*Crawled caption data:*
---*---

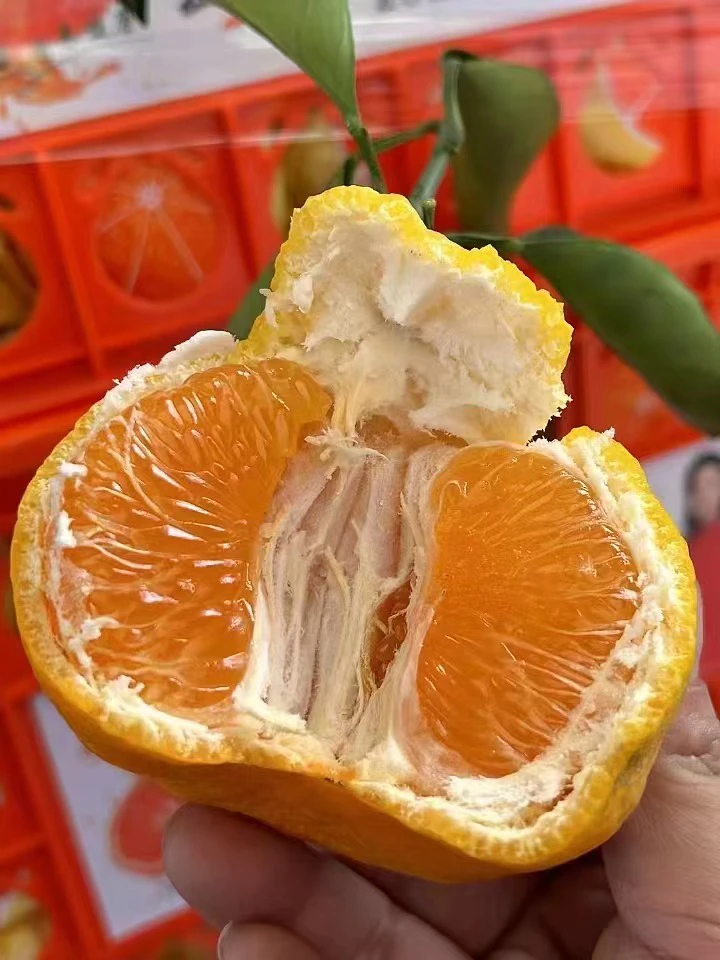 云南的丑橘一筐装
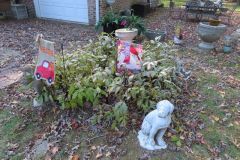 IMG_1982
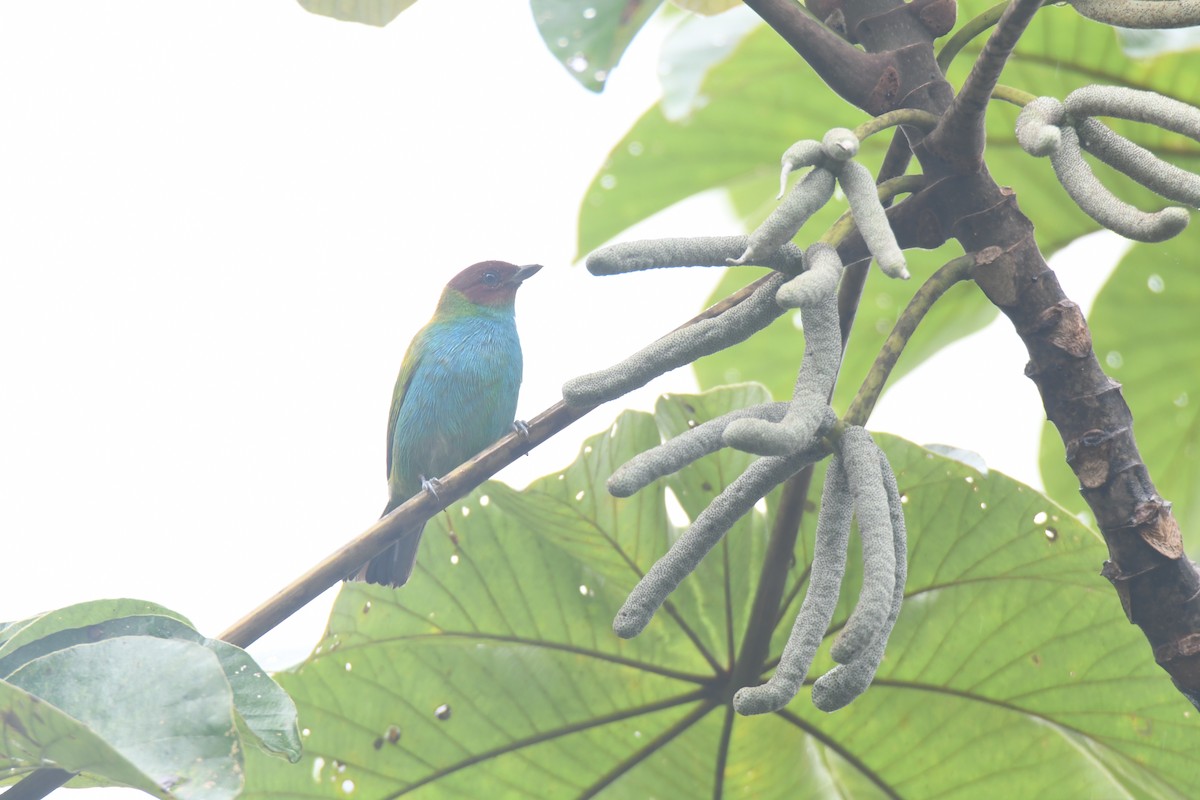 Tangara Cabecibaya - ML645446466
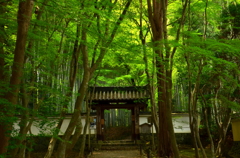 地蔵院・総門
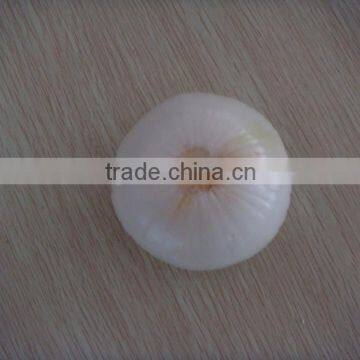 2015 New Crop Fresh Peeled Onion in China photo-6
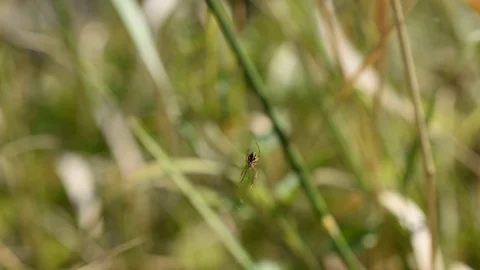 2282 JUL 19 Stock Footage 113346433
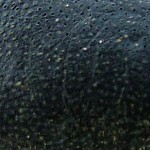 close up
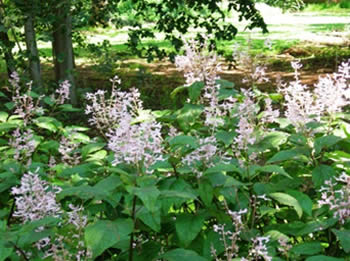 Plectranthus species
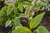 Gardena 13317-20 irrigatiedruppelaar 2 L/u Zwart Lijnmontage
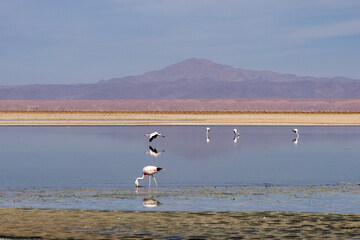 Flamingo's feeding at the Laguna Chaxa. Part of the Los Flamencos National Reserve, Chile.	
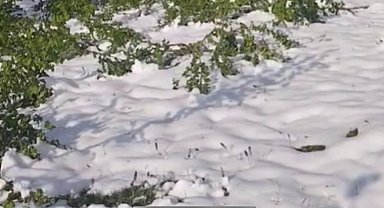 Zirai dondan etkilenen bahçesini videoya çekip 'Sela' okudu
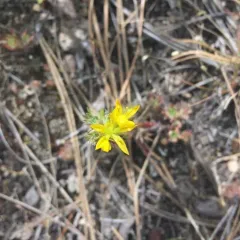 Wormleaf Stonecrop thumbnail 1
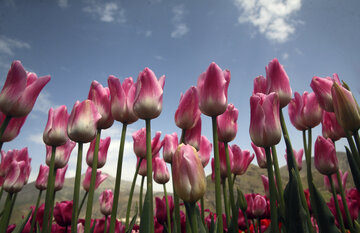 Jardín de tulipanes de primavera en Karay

---*---

Extract exactly the lines above from the line containing "Gardena 13317-20 irrigatiedruppelaar" through the last one, both ends included, but not the pictures.

*RESULT:*
 Gardena 13317-20 irrigatiedruppelaar 2 L/u Zwart Lijnmontage
 Flamingo's feeding at the Laguna Chaxa. Part of the Los Flamencos National Reserve, Chile.	
 Zirai dondan etkilenen bahçesini videoya çekip 'Sela' okudu
 Wormleaf Stonecrop thumbnail 1
 Jardín de tulipanes de primavera en Karay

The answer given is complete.